Prof Brian Ripley <[EMAIL PROTECTED]> wrote:
On Fri, 24 Jun 2005, Young Cho wrote:
> Hi,
>
> I have a problem in getting step function work.
This is not coming from step(), but (AFAIK) from model.matrix() called by
lm(). One way to debug it is to try fitting the models directly.
> I am getting the following error:
>
>> fit1 <- lm(Response~1)
>> fmla <- as.formula(paste(" ~ ",paste(colnames,collapse="+")))
>> sfit <- step(fit1,scope=list(upper= fmla,lower= ~1),k=log(nrow(dat)))
> Start: AIC= -1646.66
> Response ~ 1
> Error in "contrasts<-"(`*tmp*`, value = "contr.treatment") :
> contrasts can be applied only to factors with 2 or more levels
>
> But if i count the unique values in each column by
>
> A <- NULL
> for (ii in 1:length(colnames)){
> A[ii] <- length(unique( eval(parse(text=paste('dat$',colnames[ii])))))
> }
>
> I do not see any column with only 1 value. Is there some other possible
> reason why I am getting the error? Thanks a lot!

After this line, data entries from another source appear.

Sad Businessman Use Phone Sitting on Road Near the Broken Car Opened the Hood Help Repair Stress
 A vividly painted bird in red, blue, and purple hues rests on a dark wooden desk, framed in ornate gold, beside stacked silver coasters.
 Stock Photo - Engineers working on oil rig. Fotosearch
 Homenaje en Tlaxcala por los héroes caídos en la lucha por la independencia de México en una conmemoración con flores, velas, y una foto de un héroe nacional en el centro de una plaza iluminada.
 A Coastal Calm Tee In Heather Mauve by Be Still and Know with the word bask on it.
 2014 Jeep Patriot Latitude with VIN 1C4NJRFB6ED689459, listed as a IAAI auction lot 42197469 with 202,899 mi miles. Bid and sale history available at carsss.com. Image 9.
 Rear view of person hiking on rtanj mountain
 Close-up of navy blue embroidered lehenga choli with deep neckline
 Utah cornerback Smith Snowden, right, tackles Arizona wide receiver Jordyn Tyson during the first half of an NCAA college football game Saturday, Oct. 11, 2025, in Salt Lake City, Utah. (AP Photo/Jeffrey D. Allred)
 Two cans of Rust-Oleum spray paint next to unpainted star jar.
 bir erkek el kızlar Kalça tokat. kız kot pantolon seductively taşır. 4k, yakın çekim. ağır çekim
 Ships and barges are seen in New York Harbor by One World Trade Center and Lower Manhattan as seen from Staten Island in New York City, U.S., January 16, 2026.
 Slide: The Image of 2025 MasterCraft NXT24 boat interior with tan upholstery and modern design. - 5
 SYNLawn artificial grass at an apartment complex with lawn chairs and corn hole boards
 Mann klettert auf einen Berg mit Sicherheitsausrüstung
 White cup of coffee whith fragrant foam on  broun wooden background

It says `levels', not values. So try
sapply(dat, nlevels)
The values can include NA, which is not a level (usually). E.g.
> x <- factor(c(1, NA))
> nlevels(x)
[1] 1
> length(unique(x))
[1] 2
(Incidentally, you are assuming variables are found in dat, and you should
use
lm(Response ~ 1, data=dat)
to ensure that. And your calculation can be done more legibly as
sapply(dat, function(x) length(unique(x)))
.)
--
Brian D. Ripley, [EMAIL PROTECTED]
Professor of Applied Statistics, http://www.stats.ox.ac.uk/~ripley/
University of Oxford, Tel: +44 1865 272861 (self)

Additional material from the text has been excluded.